Ha stupito Elon Musk quando ha condiviso su X un vecchio video in cui Milton Friedman, premio Nobel per l’economia (morto nel 2006) e uno dei più fervidi sostenitori del libero mercato, illustra con una matita “la magia del sistema dei prezzi” e la necessità di avere commerci senza barriere. Friedman, che negli anni Ottanta è stato il teorico del neoliberismo di Reagan e di Margaret Thatcher, avrebbe duramente contestato la strategia di Trump. Nel suo post su X, Musk non ha fatto commenti, ma il messaggio non potrebbe essere più chiaro.
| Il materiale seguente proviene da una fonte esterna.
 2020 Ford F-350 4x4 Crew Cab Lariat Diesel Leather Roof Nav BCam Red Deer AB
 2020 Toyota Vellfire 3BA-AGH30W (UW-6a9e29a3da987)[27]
Nei giorni precedenti il capo del Doge aveva auspicato “zero dazi” tra Europa e Stati Uniti e aveva attaccato il consigliere della Casa Bianca per il commercio, Peter Navarro, considerato l’architetto dei dazi, come un “egocentrico che non ha mai costruito un c…”. Navarro lo ha liquidato così: “Elon non è un produttore ma un assemblatore di automobili”, con pezzi che arrivano da Cina, Giappone e Taiwan, “mentre noi vogliamo che gli pneumatici siano realizzati ad Akron, vogliamo che le trasmissioni siano realizzate a Indianapolis”. Secondo il Washington Post, nel fine settimana del 5-6 aprile Musk ha cercato personalmente di convincere Trump a revocare i dazi, anche quelli sulla Cina. Ma il tentativo non ha avuto successo. Tesla ha intanto visto le vendite trimestrali crollare drasticamente a causa delle reazioni negative al suo ruolo di consigliere di Trump. Le sue azioni erano scambiate a 233,29 dollari, in calo di oltre il 42% da inizio anno.
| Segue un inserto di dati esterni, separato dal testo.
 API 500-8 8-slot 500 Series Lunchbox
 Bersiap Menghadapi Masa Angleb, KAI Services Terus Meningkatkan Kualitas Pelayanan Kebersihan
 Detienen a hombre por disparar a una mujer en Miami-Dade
Ma non c’è solo il patron di X e Tesla a pungolare Trump. Che forse dovrebbe più preoccuparsi delle reazioni contrariate che cominciano a filtrare, nemmeno troppo velatamente, dai big di Wall Street. Soprattutto di quelli che si sono schierati al suo fianco e lo hanno sostenuto in campagna elettorale. Hanno fatto sentire la loro preoccupazione i grandi ceo americani, con Jamie Dimon che ha lanciato l’allarme sostenendo che i dazi faranno rialzare i prezzi e rallenteranno la crescita dell’economia, mentre il miliardario Bill Ackman ha chiesto una pausa di 90 giorni nell’implementazione delle tariffe, definendole un “errore”. Fa rumore soprattutto l’intervento di Larry Fink di BlackRock che ha detto che i ceo con cui parla affermano che probabilmente già ora gli Usa sono in recessione.
Se Fink parla non può non essere ascoltato. Blackrock è la più grande società di investimento al mondo che sposta masse di milioni di dollari con un clic e gestisce per conto dei propri clienti la cifra record di 11.475 miliardi di dollari di asset. Una sorta di sherpa del mercato che quando suona la carica viene seguito a ruota dagli altri investitori internazionali, ma anche un interlocutore strategico di governi e autorità dei singoli Stati. Il ceo Fink è stato anche uno dei consiglieri più ascoltati in politica economica da Barack Obama che gli ha affidato la leadership — attraverso una serie di contratti con il governo Usa — nel salvataggio della Borsa americana dopo lo scoppio della bolla dei mutui subprime. Cambiano gli inquilini alla Casa Bianca ma Fink resta. Nel 2010 un lungo articolo apparso sull’edizione americana di Vanity Fair lo aveva definito «il più importante personaggio della finanza mondiale» e, nonostante questo, «virtualmente uno sconosciuto a Manhattan», dove vive in un appartamento sull’Upper East Side. Calmo, educato, riflessivo, in apparenza tutto il contrario dell’archetipo della finanza anni Ottanta. Ma “quando la crisi colpisce, la maggior parte dei leader mondiali alza il telefono e chiama Fink”, ha scritto il Financial Times.